[Instructions for the task] With pictures excluded, copy word for word the lines in the data below from the line containing "Svartifoss waterfall, Iceland" through the line containing "Captures d'écran de Lime VPN".

[Source records]
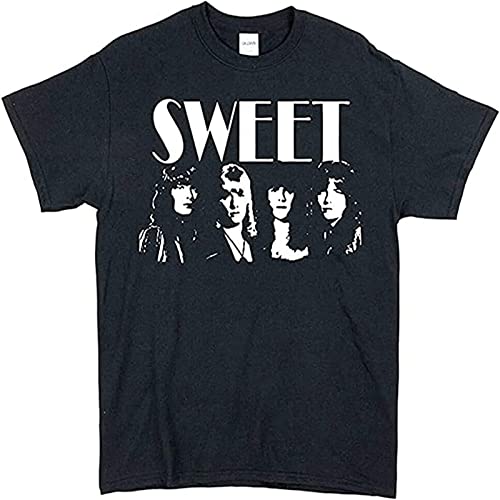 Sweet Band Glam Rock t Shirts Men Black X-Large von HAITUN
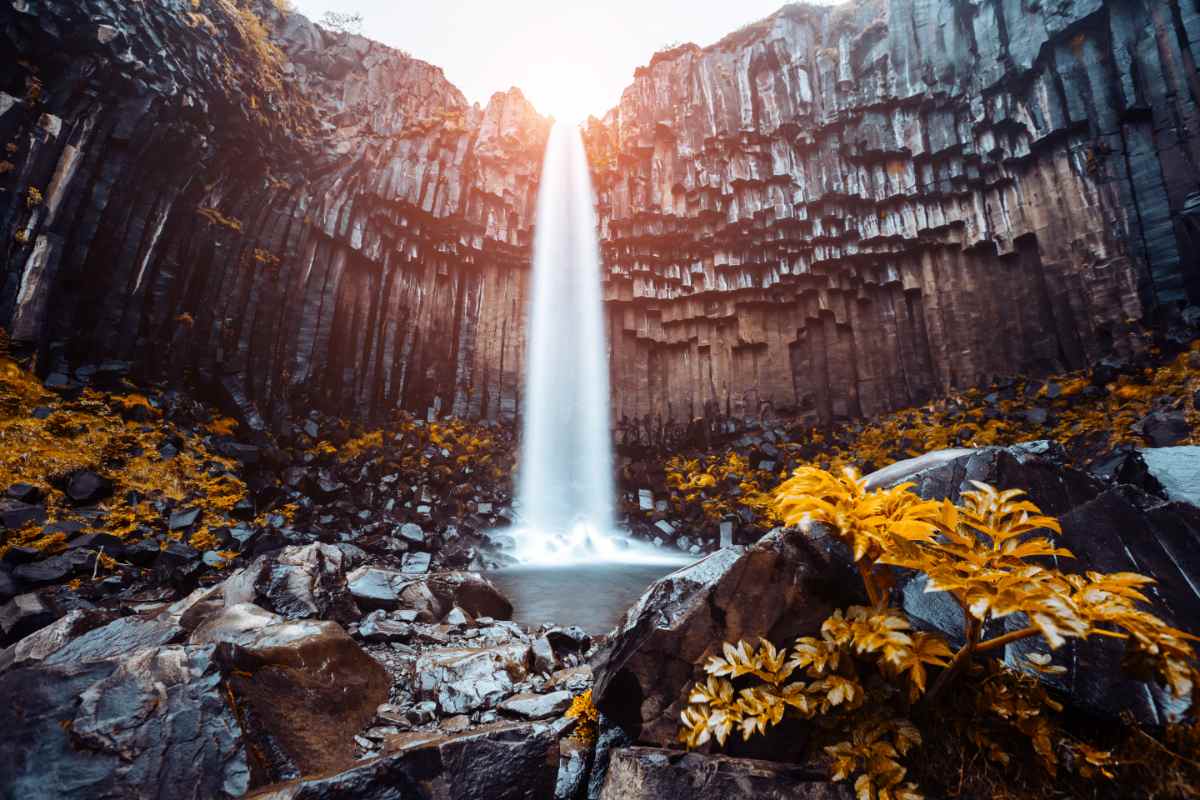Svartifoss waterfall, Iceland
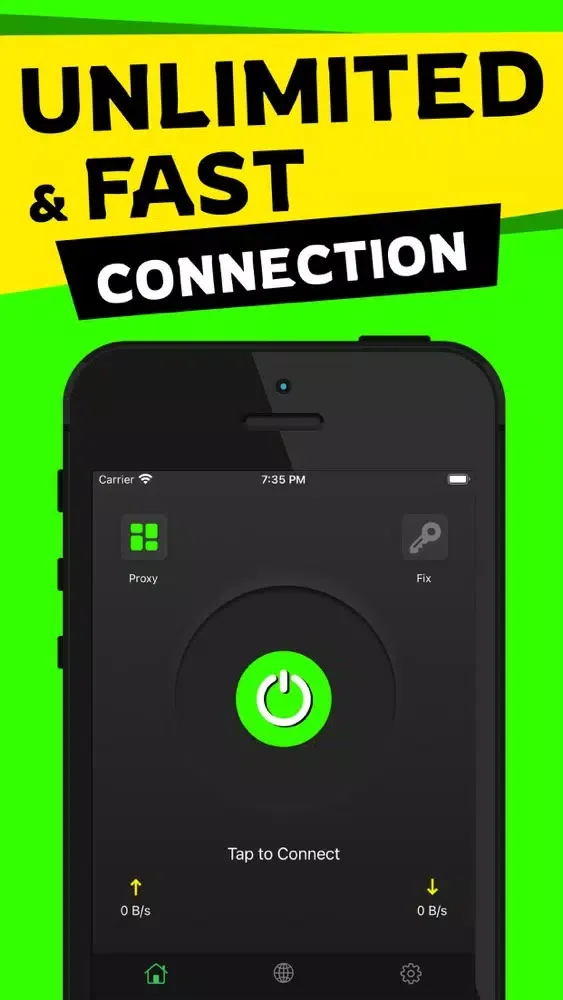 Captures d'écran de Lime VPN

==

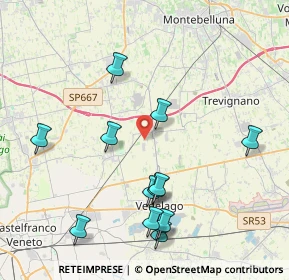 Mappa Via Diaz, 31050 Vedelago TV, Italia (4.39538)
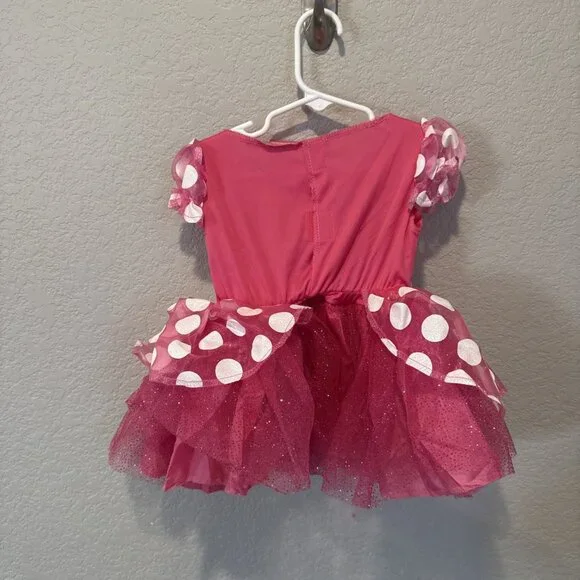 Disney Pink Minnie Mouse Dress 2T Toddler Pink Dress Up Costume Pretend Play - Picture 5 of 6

---

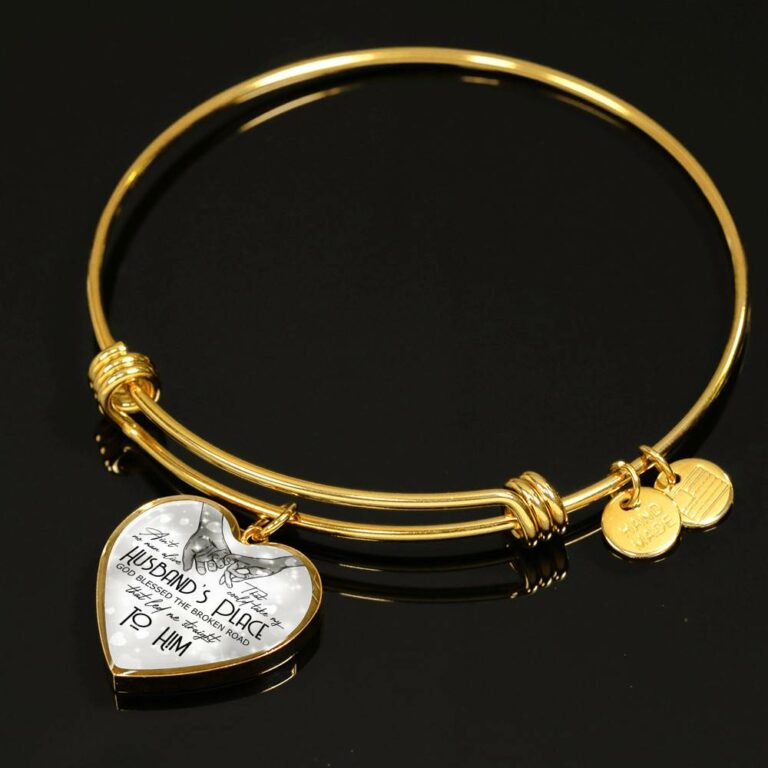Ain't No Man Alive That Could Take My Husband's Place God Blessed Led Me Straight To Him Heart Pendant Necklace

[Response box]
Svartifoss waterfall, Iceland
 Captures d'écran de Lime VPN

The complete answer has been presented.